Adler began operations on November 25, 1952, by drilling 36 to 40 holes to loosen the amphibolite. After drilling, it took 200 lbs. of dynamite to clear six feet of rock. Further foundation treatment consisted of digging a cutoff trench and filling a grout curtain and cutoff wall. Crews dug down 15 feet in the cutoff trench to remove all alluvial materials and weathered rock. The trench measured 150 feet wide in the valley before tapering to 20 feet at the top of the abutments. Adler's crews placed concrete in a 3-foot-wide trench excavated along the centerline of the cutoff trench to form a grout cap and support a cutoff wall. Where the trench crossed a mineralized zone in the right abutment, excavation and concrete backfill extended both upstream and downstream to 15 feet deep. The grout curtain started beyond the right abutment proceeding in a continuous line to just beyond the far abutment of Dike No. 2.(15)

Besides Adler, five subcontractors drilled and grouted and placed concrete in the outlet works tunnel. The largest average of men working at Pactola was 195 in 1954. Unskilled laborers earned $1.25 an hour, while iron workers brought home $2.75 an hour. Adler's payroll totaled $2.3 million, or approximately 49 per cent of the main contractor's gross earnings under the contract.

The distance of the project from affordable living quarters put a considerable hardship on contract workers and government employees. Some men lived in trailers while others made do in shacks or out buildings.

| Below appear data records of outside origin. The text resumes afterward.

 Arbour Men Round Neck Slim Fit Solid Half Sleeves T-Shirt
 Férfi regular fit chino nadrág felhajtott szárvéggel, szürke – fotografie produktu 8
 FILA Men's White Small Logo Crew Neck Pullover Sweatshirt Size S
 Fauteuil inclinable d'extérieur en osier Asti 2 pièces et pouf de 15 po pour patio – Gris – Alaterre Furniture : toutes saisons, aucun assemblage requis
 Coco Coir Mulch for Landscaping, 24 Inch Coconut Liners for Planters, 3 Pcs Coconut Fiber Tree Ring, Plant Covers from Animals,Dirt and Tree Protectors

Reclamation refurbished old Forest Service buildings into their headquarters and offices. The Pactola ranger station became the unit's administrative headquarters, and other renovations turned a garage into a field office and the stable/chicken house into a laboratory. Frank E. Goehring represented Reclamation at Pactola as construction engineer, moving from Wyoming's Keyhole Unit in 1952. Goehring remained at Pactola almost to the very end of construction when he left in July 1956.(16)

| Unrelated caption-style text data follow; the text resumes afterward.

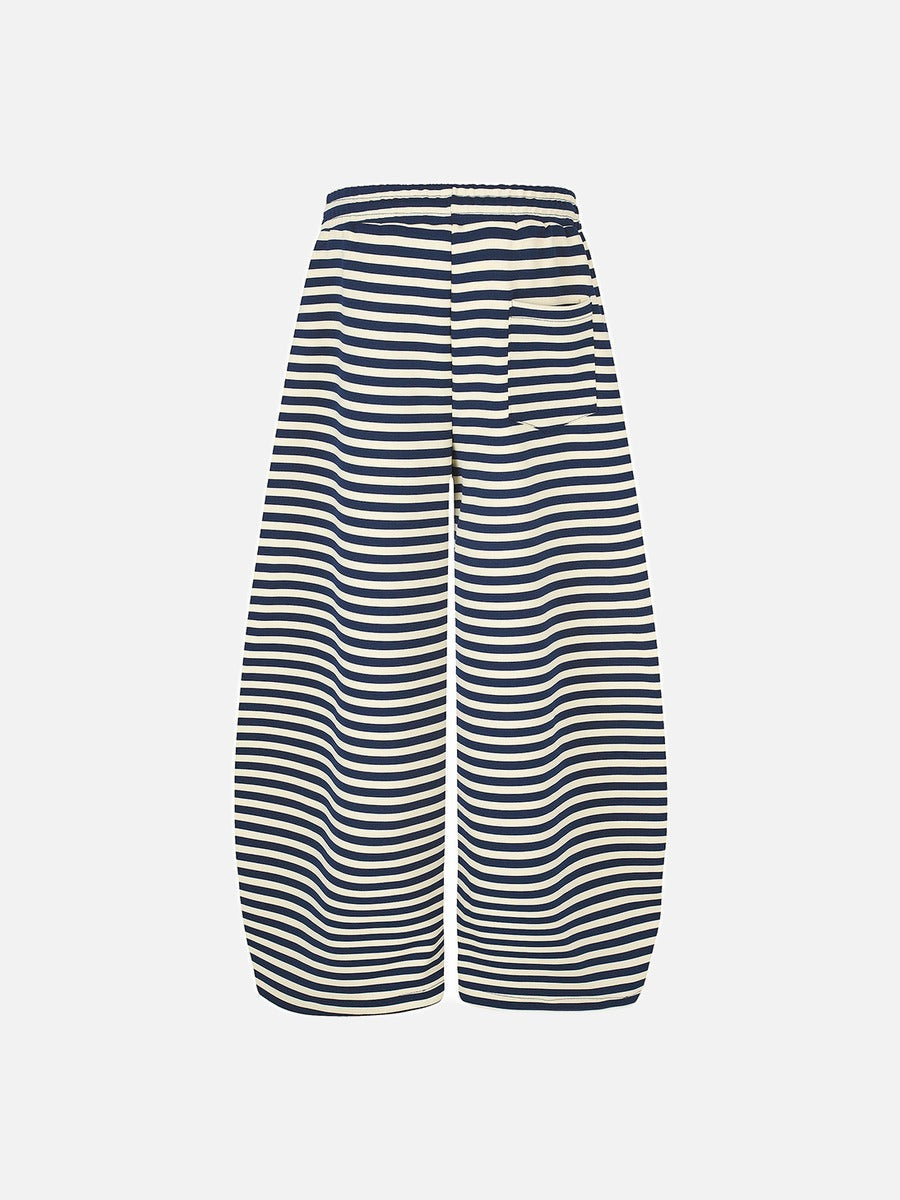 DAXUEN striped wide-leg pants with skull and structure patches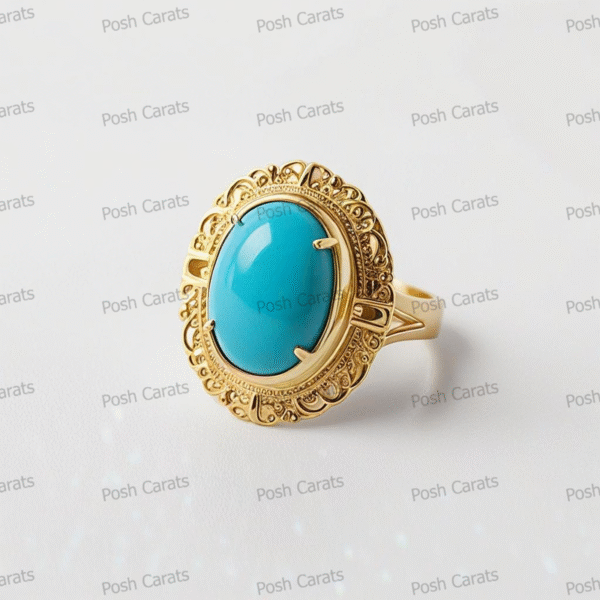 Posh Carats 14K Gold Turquoise Ring – Handmade Gemstone Jewelry for Women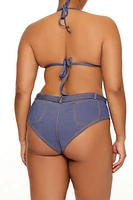 Plus Denim Bikini Bottoms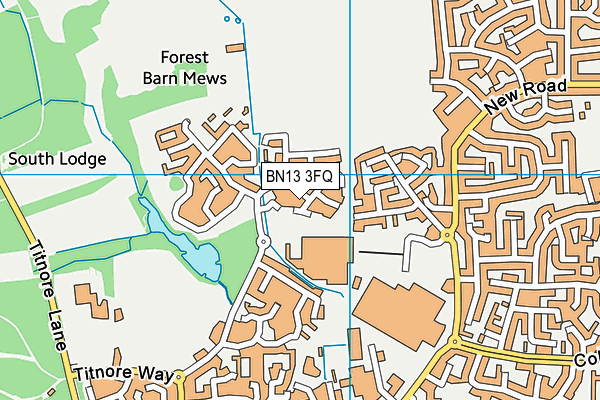BN13 3FQ map - OS VectorMap District (Ordnance Survey) BN13 3FQ map - OS VectorMap District (Ordnance Survey)
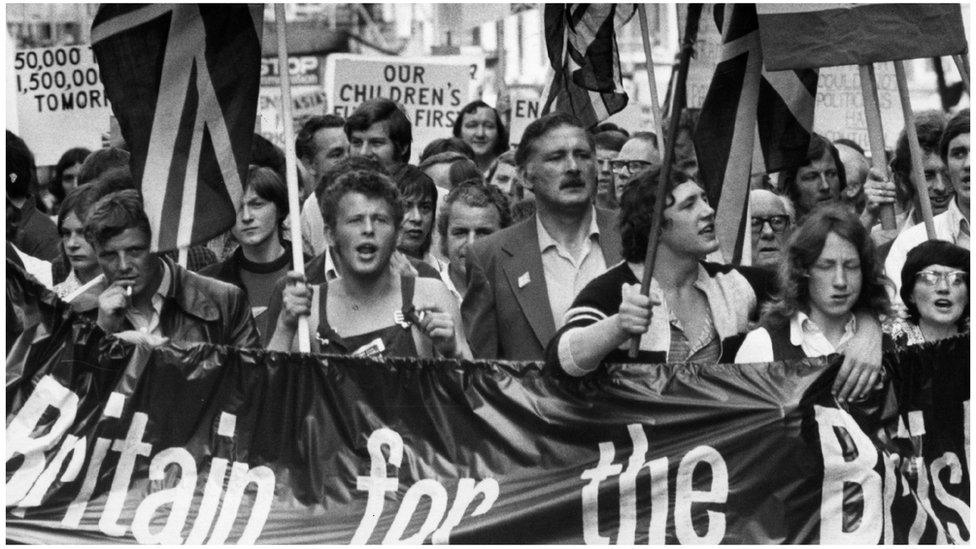 Picture from 1972 anti-Asian immigration demonstration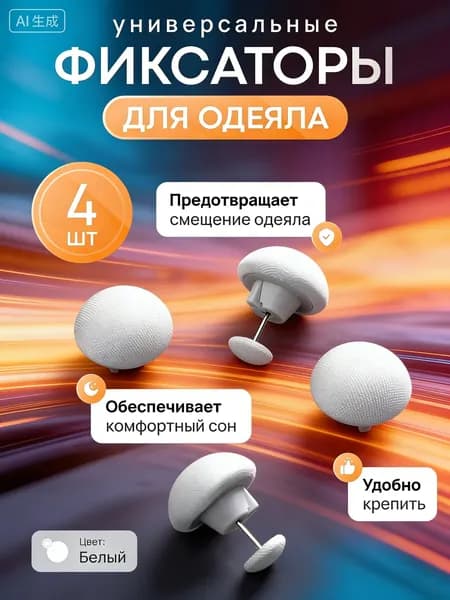 Фиксаторы для одеяла и простыни/ Клипсы зажимы для пододеяльника и простыни/ Держатели для постельного белья, покрывала и штор, 4 шт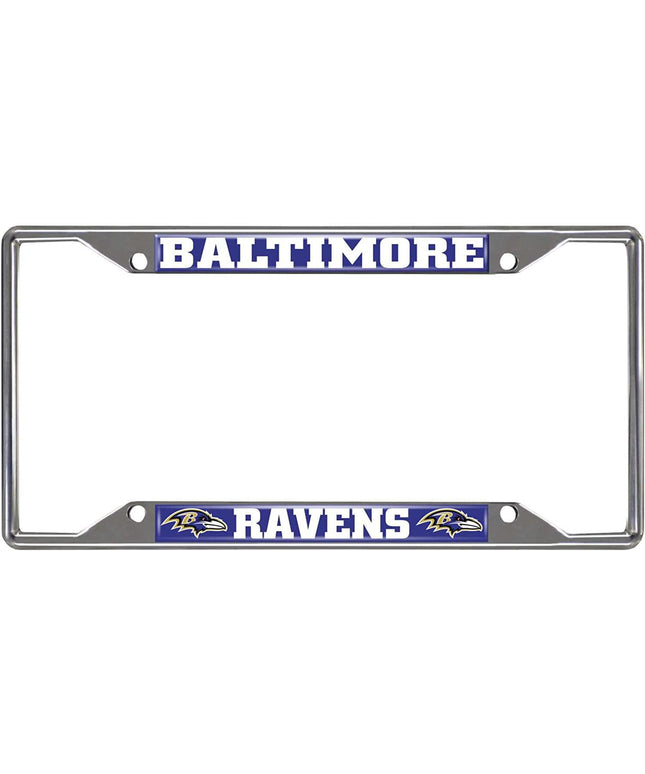 Baltimore Ravens Metal License Plate Frame Chrome Tag Cover 6x12 Inch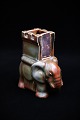 Bing & Grondahl match holder in the shape of a stoneware elephant with fine 
green glaze. 
B&G#9504...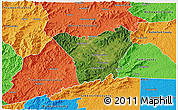 Satellite 3D Map of Henderson County, political outside
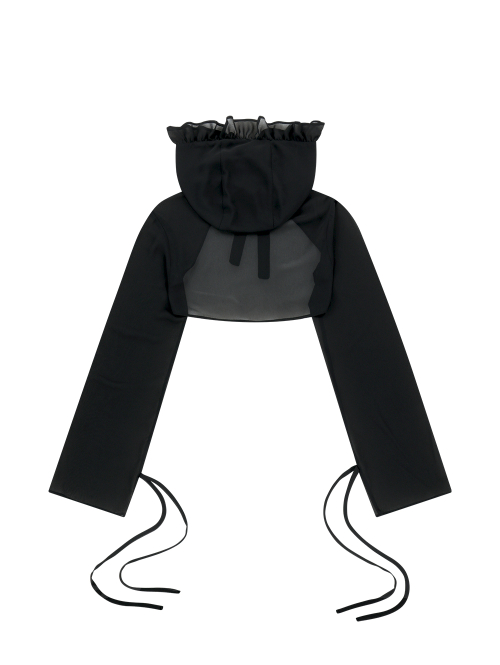 CHIFFON HOODED BOLERO [BLACK]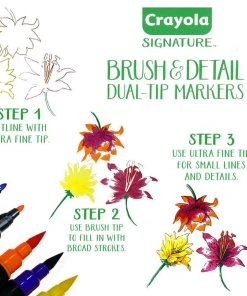 Crayola 16 Signature Brush & Detail Dual-Tip Markers -Play-Doh shop 23000677 5 04667.1673579661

The dam's embankment and the dikes rose from three separate zones of material. Embankment placing operations began in May 1953 with positioning Zone 1 material in the dam and dike No. 2. Where once a carpet of pine covered the landscape, four terra-cobras, 5 DW-20 caterpillars, trucks, and other machinery, went about forming the dam. Material for zone 1, the embankment's central core, consisted of sand, clay, and gravel taken from six borrow areas and overburden excavation. A sheepsfoot roller compacted the brown, moist material to six-inch layers. A mixture of gravel, clay, silt, and cobblestones graded up to eight inches thick comprised the material in Zone 2. Crews set the fragments in approximately horizontal layers not exceeding 12 inches in thickness after compaction. A hose wetted the material and a D-8 tractor took four passes to further compact the rock pieces. The dam's face, Zone 3, consists of flat, angular fragments of amphibolite, schist, and slate. Chunks measure from eight inches to one cubic yard in volume. Man and machine placed the rock in horizontal layers three to five feet thick. Pactola Dam contains 4,319,993 cubic yards of material divided between 2,163,251 cubic yards of impervious earthfill and 2,156,742 cubic yards of rockfill.(17)

Work on the dam continued, with shutdowns each winter, until August 1956. Cold and heavy snows during November and December 1955 hindered completion of the dam. Each spring and summer, showers turned haul roads into mud flats. Unpassable roads resulted in many temporary suspensions of earthfill embankment operations. During the summer, workers placed material on a two-shift per day basis.(18)

The outlet works consists of a concrete horseshoe-shaped tunnel through the dam's left abutment with two high pressure slide gates. Excavation in the outlet started in early 1953 at the downstream portal, progressed to the gate chamber, and then to the upstream section of the tunnel. A battery of equipment, led by a diesel locomotive, eight mine cars, a jumbo drill car, and an air-operated overshot mucking machine, cleared the tunnel. Narrow gauge tracks running from the downstream waste pile to the excavation face inched forward as excavation progressed. Two 2.75 foot square high-pressure slide gates control the flow through the outlet. The two gates work in tandem, as the downstream gates regulate and the upstream gates guard the access. A 6-foot-diameter shaft connects the gate chamber to a shaft house on the left abutment. Downstream from the gate chamber is a 7-foot-high, 8-foot-wide modified horseshoe free flow tunnel. The outlet discharges into a concrete stilling basin.(19)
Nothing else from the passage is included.